Building digital software that is distributed on mass scale comes with layers of complexity, some that can cause failure, some that cause disruption.
While we can’t control or avoid failures in engineering, we can control the impact radius of the failure and optimise the time to recover and restore the systems. How? Purposefully trying out as many failures as possible to test your confidence in the system’s resilience.
Chaos testing is key to our engineering practices at Paddle, so we wanted to share some of the best practices we use, the experiences we’ve had, and why chaos testing should form part of your routine practices.
What is chaos engineering?
Chaos engineering is a practice to introduce intentionally controlled chaos into a system, with the goal of identifying weaknesses and increasing the resilience of your system.
When we have microservices, the interactions between the services might generate unexpected scenarios, even if the services are working properly. These unexpected scenarios might then generate a production issue.
The diagram below shows an example of running chaos engineering in a system with different micro-services.
Let’s imagine a system where two services depend on another one. In this case, Checkout and Invoice are two independent services that call Customer service. An example of running chaos engineering in this system would be if Customer service is not available.

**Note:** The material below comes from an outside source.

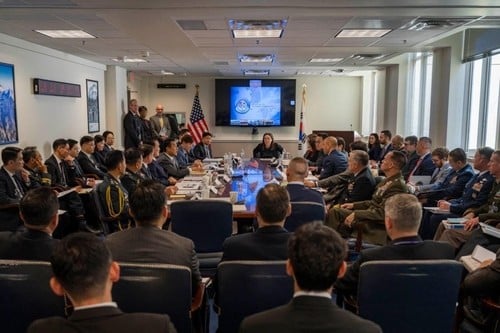 (LEAD) S. Korea, U.S. agree NCG will serve as 'solid' foundation for integrated nuclear deterrence efforts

During chaos engineering tests, we want to understand how Checkout and Invoice services will behave if Customer service is down.
Considerations before you get started
As an engineering team we have the responsibility to test our systems, know the behaviour of them, and increase the resilience of the production environment.

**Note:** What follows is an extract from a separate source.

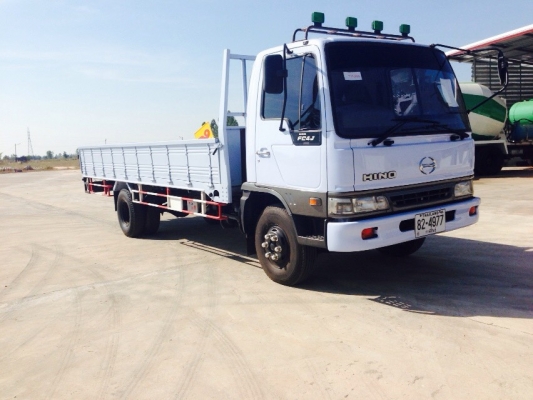 6ล้อ FC4J 140 แรง กระบะ 5.5 ม. รถปี  2544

A requirement before you get started is to identify all the dependencies between your services. This will help you to understand the current dependencies, and identify which part of your system you can introduce chaos.

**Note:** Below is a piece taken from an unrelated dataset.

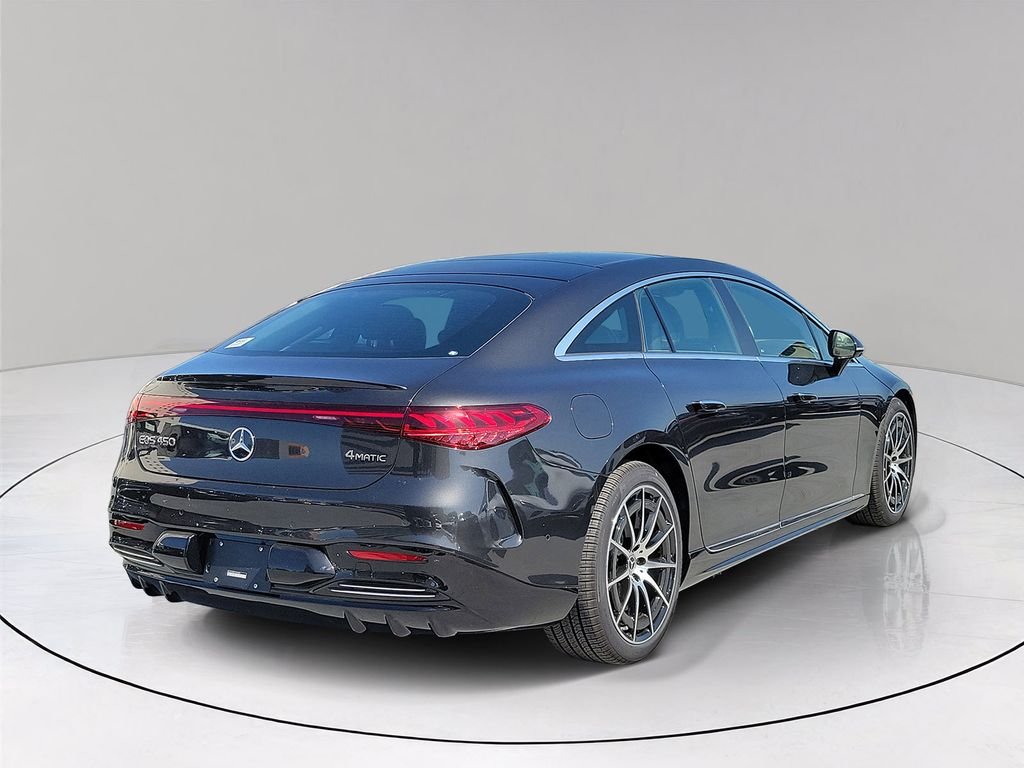 New 2026 Graphite Grey Metallic Mercedes-Benz EQS 450 image 6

While chaos engineering test is a generic concept, depending on your system and priorities, you’ll need to run different kinds of scenarios. For example, it might be related to downtime, network connections, malformed responses, timeouts, cloud provider failures and so on.
A more complex scenario might be a system where you call an external service, and in the chaos engineering tests, you test the behaviour of the system if the external system returns timeouts.
In our Paddle example, to simulate this scenario and run the tests, we need to update the Tax Service and simulate a timeout from the external service. Once we run the experiment, we need to investigate how Checkout and Customer Service respond. Are the services down? Which timeout are the systems using in the client? How many retries are defined in the client?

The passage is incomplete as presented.